- _Data below_
[Start of section]

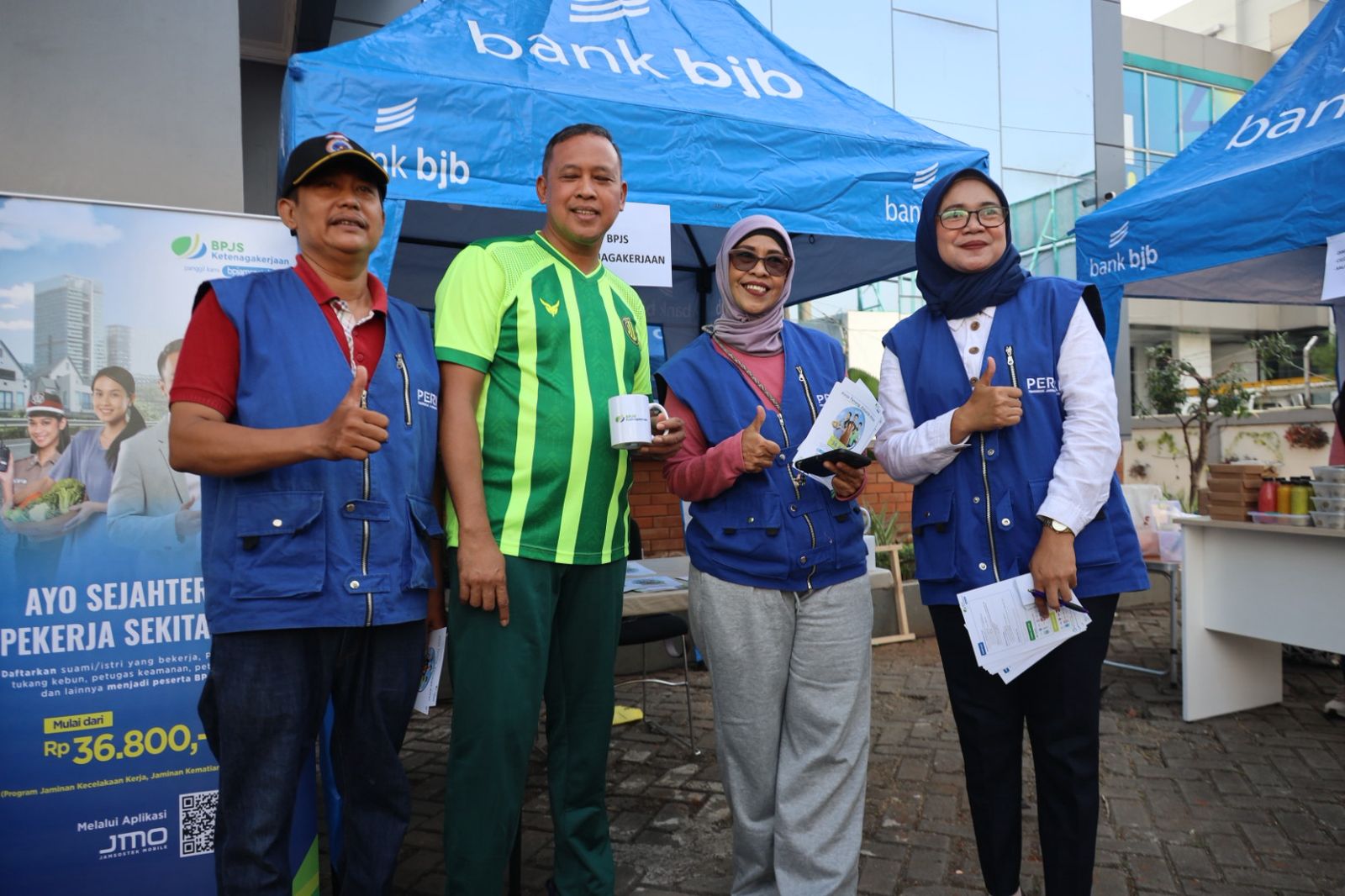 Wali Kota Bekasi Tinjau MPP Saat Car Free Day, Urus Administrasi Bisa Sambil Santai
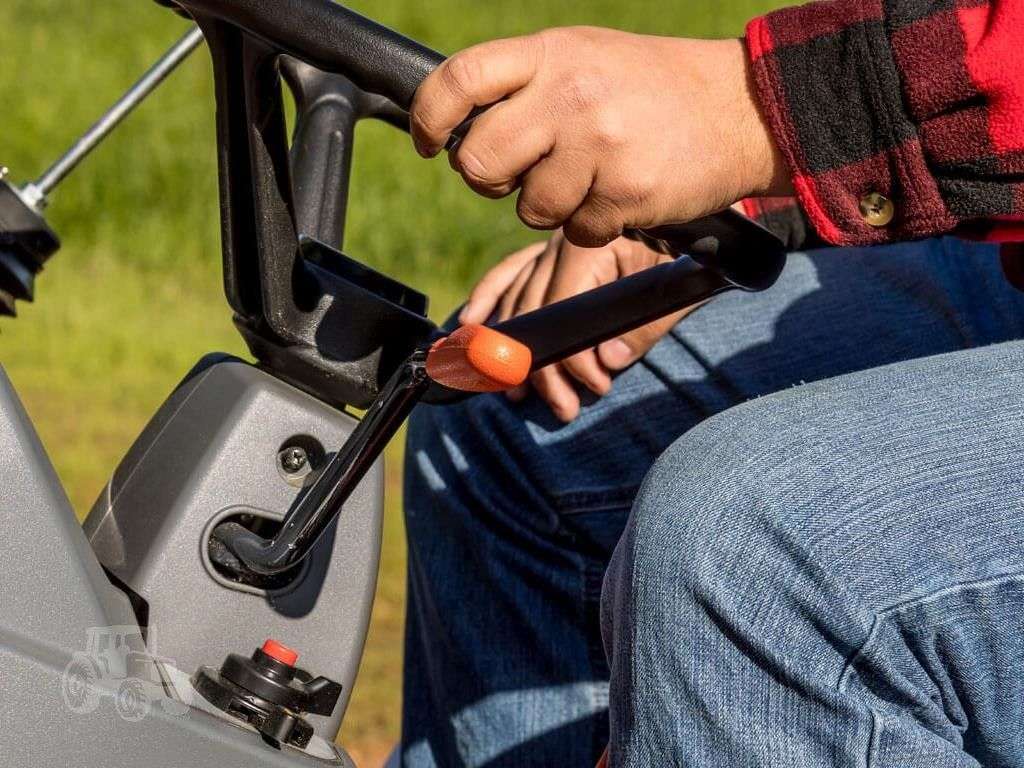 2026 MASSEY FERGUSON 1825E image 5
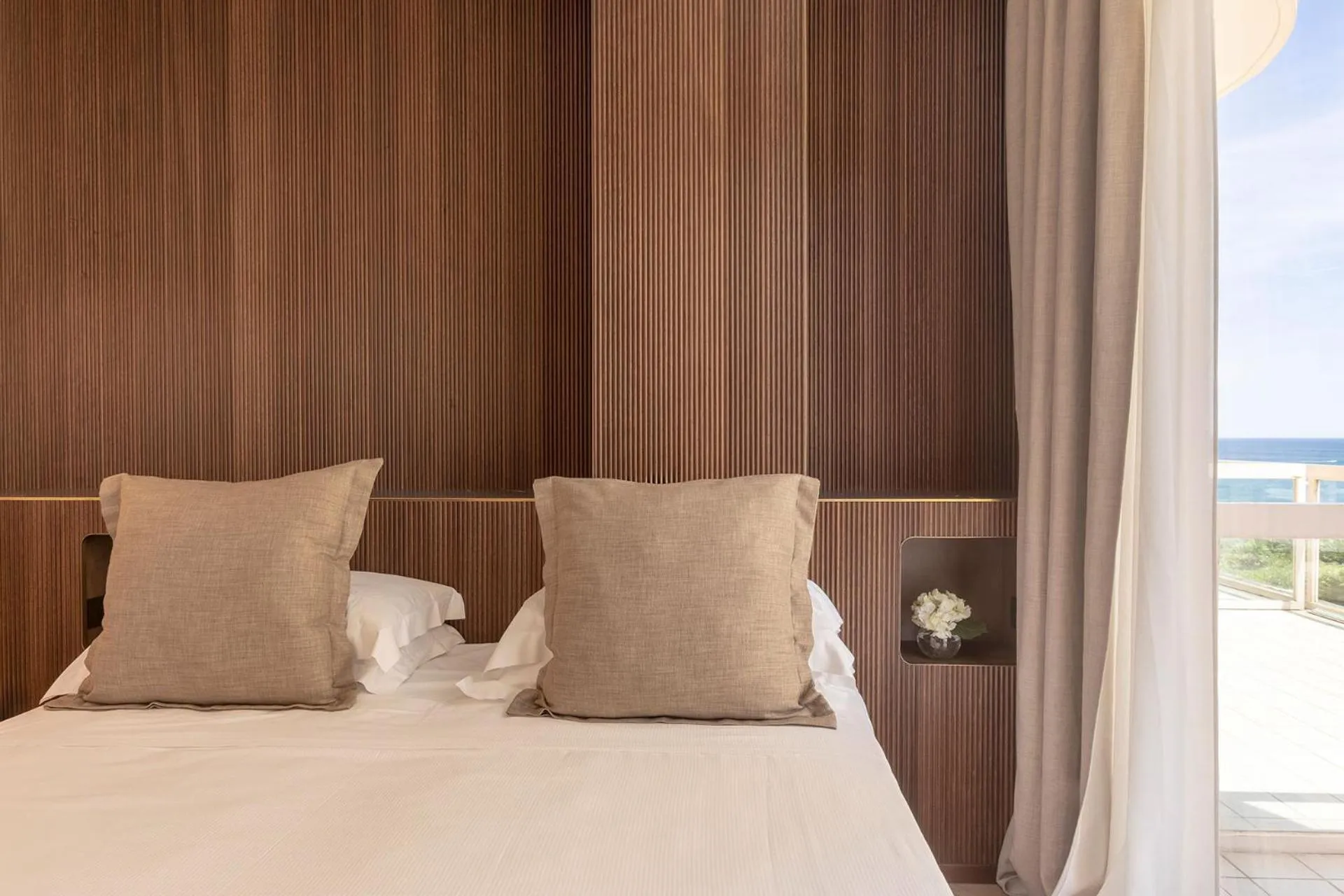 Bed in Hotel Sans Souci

[End of section]

- _What this task involves_
Nothing but the lines from the one that holds "2026 MASSEY FERGUSON 1825E image 5" through the end of the data should appear, written out exactly, without pictures.

- _Answer for the task_
 2026 MASSEY FERGUSON 1825E image 5
 Bed in Hotel Sans Souci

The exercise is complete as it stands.